The thing is, it's kind of thrilling that she can see a little of herself in him. Invisible green in his brown eyes. She thinks of how one color can hide and take root in another, brown earth and green plants and the way things grow—people. Ideas. Emotions.


(He catches her the next evening staring at herself in the mirror, marveling at the minute halo of brown that circles her own pupils. "Still admiring my handiwork?" he laughs, reaching out to tousle her hair. She smiles and kisses him, because she can.)

Anyway, she doesn't tell. It feels almost like it belongs to her, and she thinks it might be okay for her to be selfish, just this once.

And besides, she does manage to get his nose right.


No one's ever called him by his real name before during… well, during. Flynn Rider had always been popular with the ladies, and while he's never been one to kiss and tell, it's no secret that he's seen… a decent number of bedrooms in the kingdom.

Eugene Fitzherbert, on the other hand…

(Here's a secret that isn't a secret: Eugene Fitzherbert died long before Gothel stabbed him, and Rapunzel brought him back to life long before she cried for him. The fact that it happened twice… well, he's always had a bit of a lucky streak.)

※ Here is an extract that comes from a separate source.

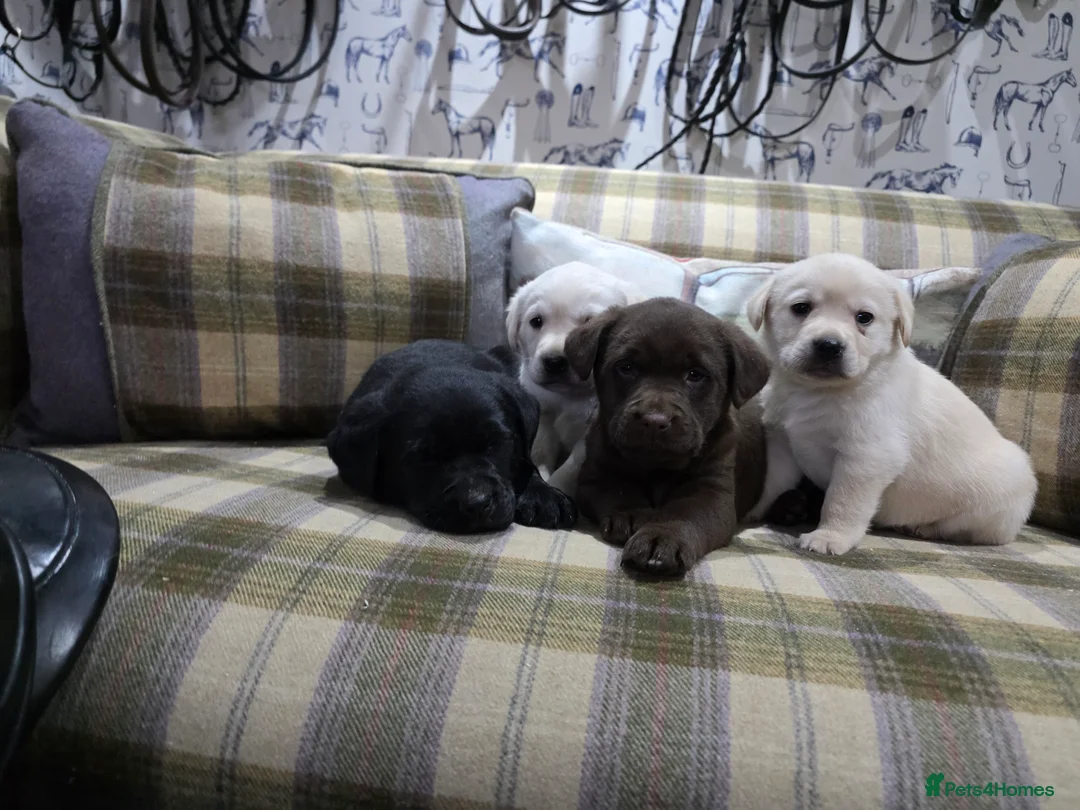 Labrador Retriever dogs for sale: Labrador puppies  - Advert 1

The thing is, a man remembers the first word spoken to him when he comes back from the dead—and she named him. He can still hear it ringing in his ears, the way she'd gasped out his name as if he were the miracle. Even now, every time she says it, it feels like he's breathing for the first time.

It's made him mindful.

He has a thousand nicknames for her, some sarcastic and some affectionate—Blondie (which baffles the castle staff to no end) and Beautiful (to make her blush) and Princess (because he knows it annoys her). But when they're alone together, it's only ever her name. "Rapunzel, Rapunzel," whispered softly against her ear, like a fairytale.

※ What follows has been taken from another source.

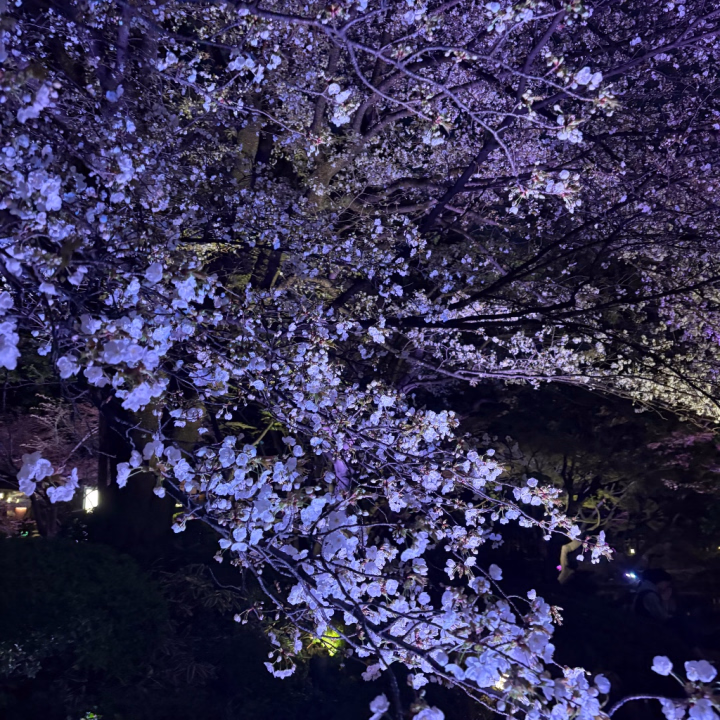 こんばんは今日は19:00~ラストまで出勤中！ちょっと、久々に出勤かも、、、？

この間、お友達とお花見行ってきたからその写真！昼間の桜よりもライトアップされた夜桜の方が素敵𝜗𝜚.˚⋆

"I've been reading your book," she informs him afterwards, head pillowed on his chest, fingers playing against the scar on his collar bone. He blinks, uncomprehending, until he sees his busted up copy of The Tales of Flynnigan Rider on her bedside table. His book. As if it were something he wrote and not something he lent her. He chuckles, kissing the crown of her head.


"Well, it's wonderful, but… there's something I don't understand. Every single story ends with Happily Ever After, but then you turn the page and… there's another chapter. Another story. How do you know when you've reached the end?"

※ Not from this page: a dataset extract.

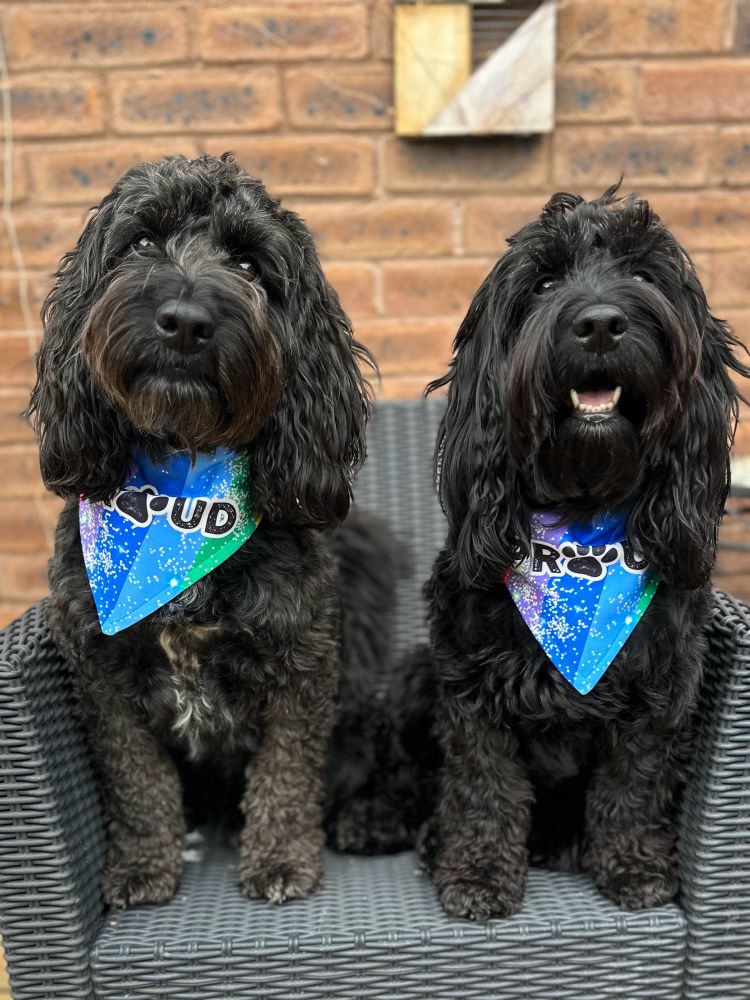 Two black Cockapoos sat side by side on a chair wearing Pride bandanas.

"I…" He wants to tell her that there's no such thing as a happy ending—that happy right now is as good as it gets, and that there's nothing wrong with that. He wants to tell her that the next adventure is the happily ever after; that they don't have to stop, not ever, because they're the ones telling their story. He wants to tell her that he never believed in forever until he met her; that he gave up a storybook name for a storybook life; that he'll never, as long as he lives, understand exactly what happened to his heart on her eighteenth birthday.

"Well, that's the good part, I guess," he finally says, offering up a ghost of a smile. "You don't."